* **Short web captions**:
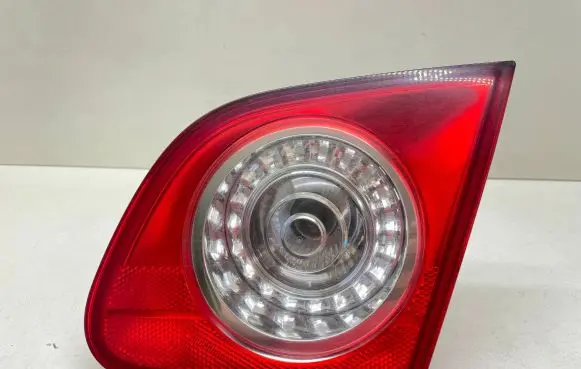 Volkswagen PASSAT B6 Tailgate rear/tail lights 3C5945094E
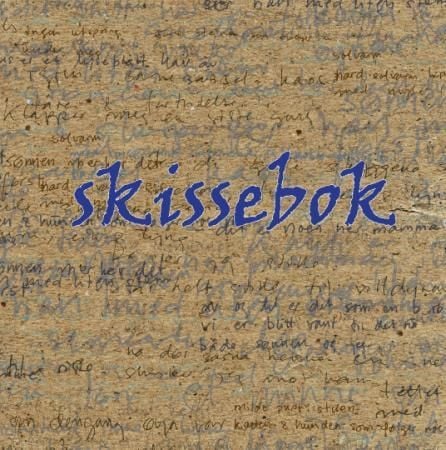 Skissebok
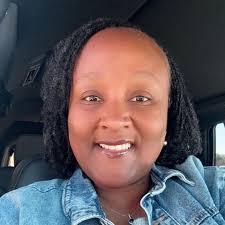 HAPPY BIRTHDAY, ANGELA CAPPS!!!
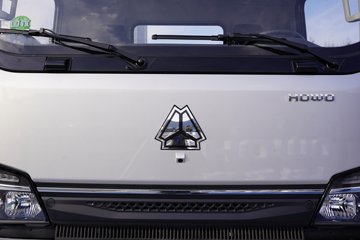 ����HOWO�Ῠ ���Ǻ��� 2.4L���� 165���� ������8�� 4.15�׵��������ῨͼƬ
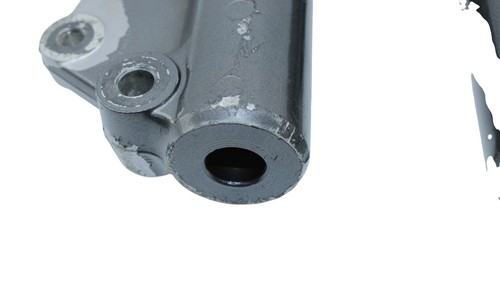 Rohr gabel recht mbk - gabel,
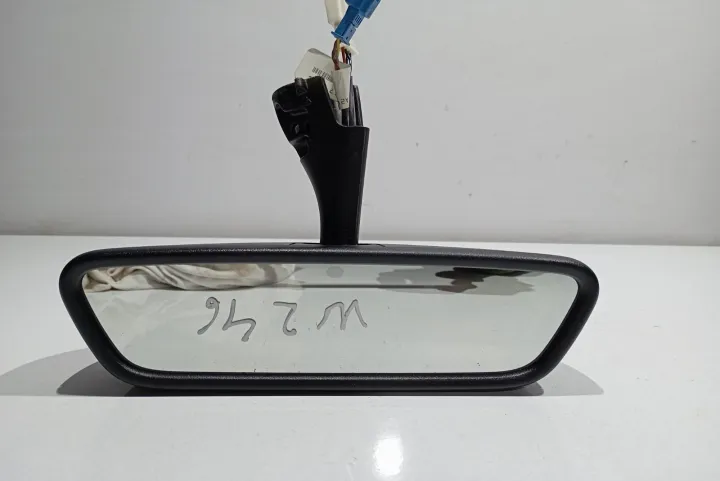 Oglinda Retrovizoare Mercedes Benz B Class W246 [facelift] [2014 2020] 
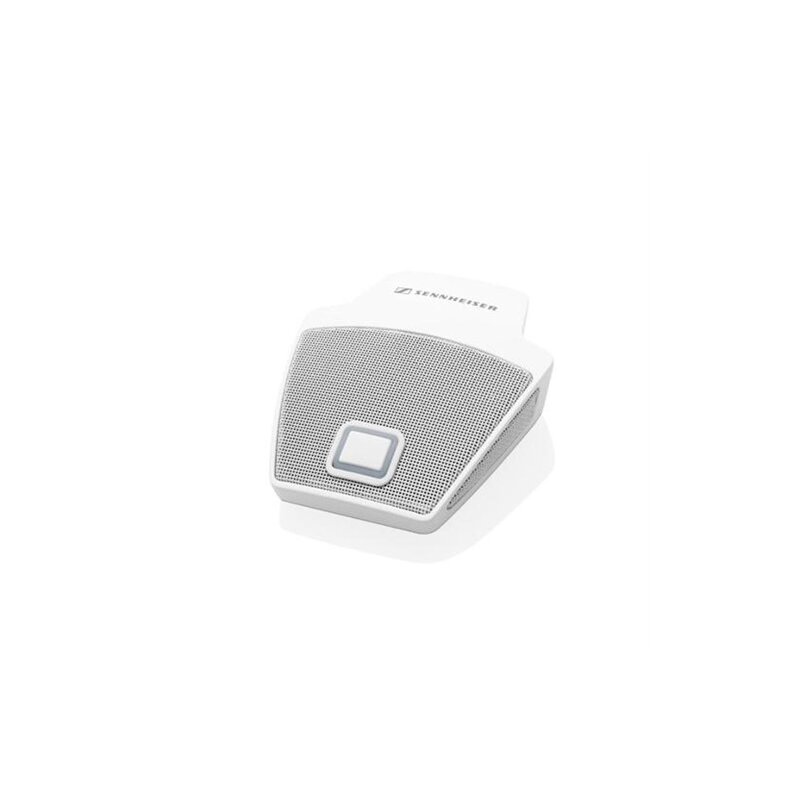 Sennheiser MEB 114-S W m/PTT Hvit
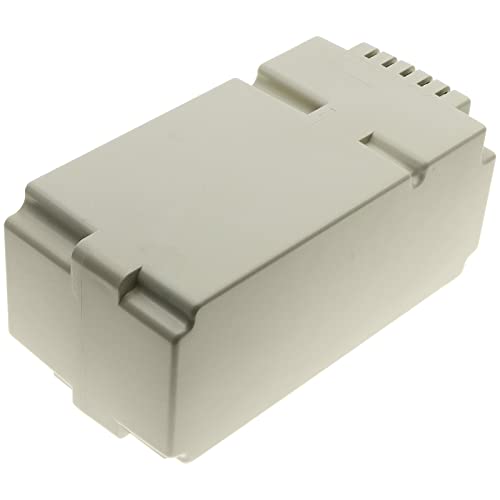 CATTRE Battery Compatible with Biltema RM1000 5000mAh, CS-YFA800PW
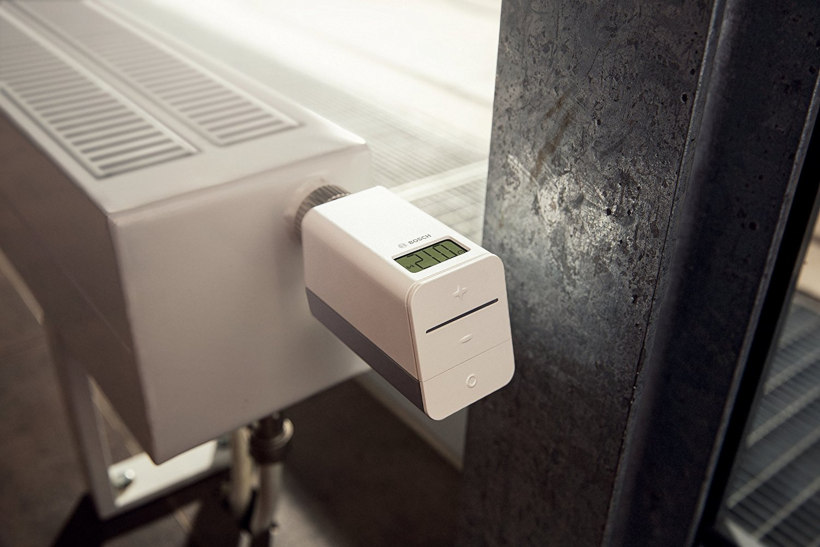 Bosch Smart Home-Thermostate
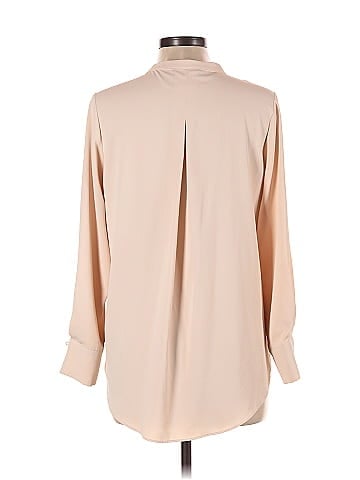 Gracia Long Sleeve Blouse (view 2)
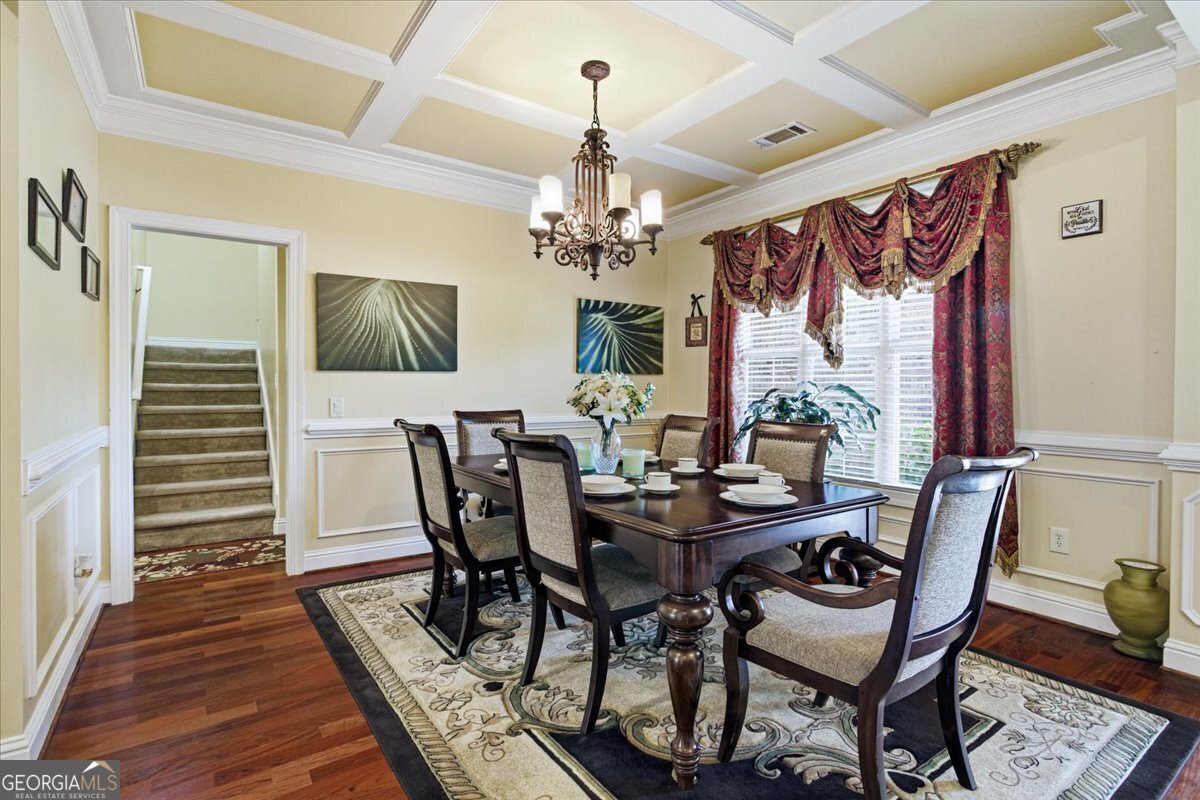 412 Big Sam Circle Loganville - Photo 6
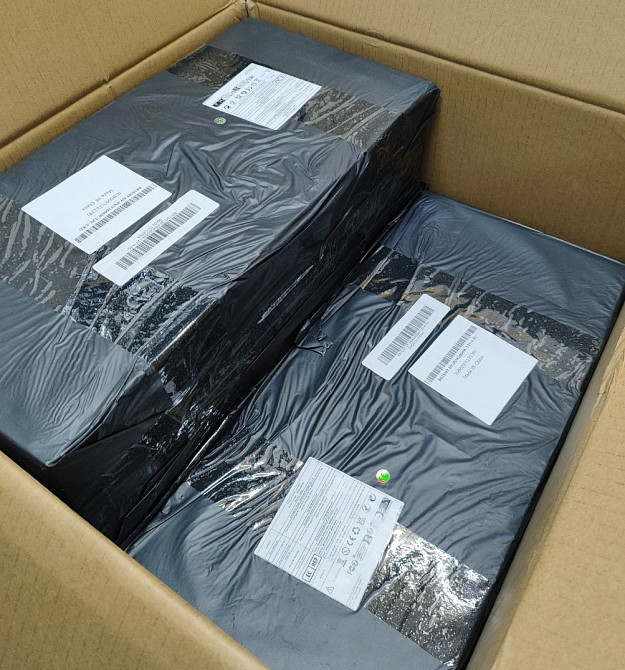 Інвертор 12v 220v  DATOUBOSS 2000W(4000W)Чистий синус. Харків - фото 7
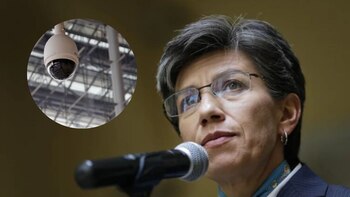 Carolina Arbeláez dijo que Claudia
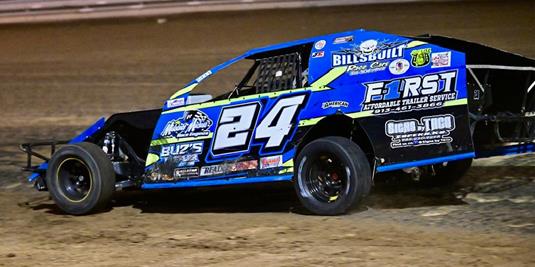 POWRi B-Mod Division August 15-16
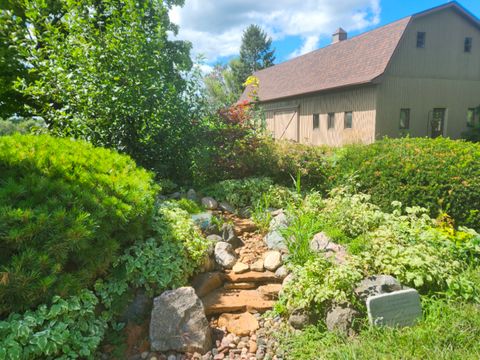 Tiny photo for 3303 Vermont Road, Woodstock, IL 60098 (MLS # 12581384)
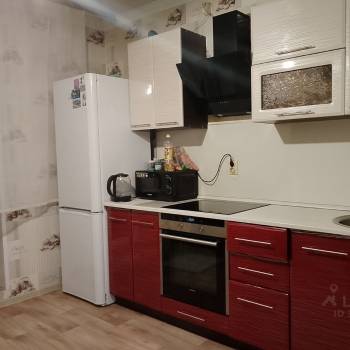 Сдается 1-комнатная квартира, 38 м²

* **Try it**: Begin at the first line of the records. Print every line through the one containing "Sennheiser MEB 114-S W m/PTT Hvit" exactly, but skip the pictures.

* **Task solution**:
 Volkswagen PASSAT B6 Tailgate rear/tail lights 3C5945094E
 Skissebok
 HAPPY BIRTHDAY, ANGELA CAPPS!!!
 ����HOWO�Ῠ ���Ǻ��� 2.4L���� 165���� ������8�� 4.15�׵��������ῨͼƬ
 Rohr gabel recht mbk - gabel,
 Oglinda Retrovizoare Mercedes Benz B Class W246 [facelift] [2014 2020] 
 Sennheiser MEB 114-S W m/PTT Hvit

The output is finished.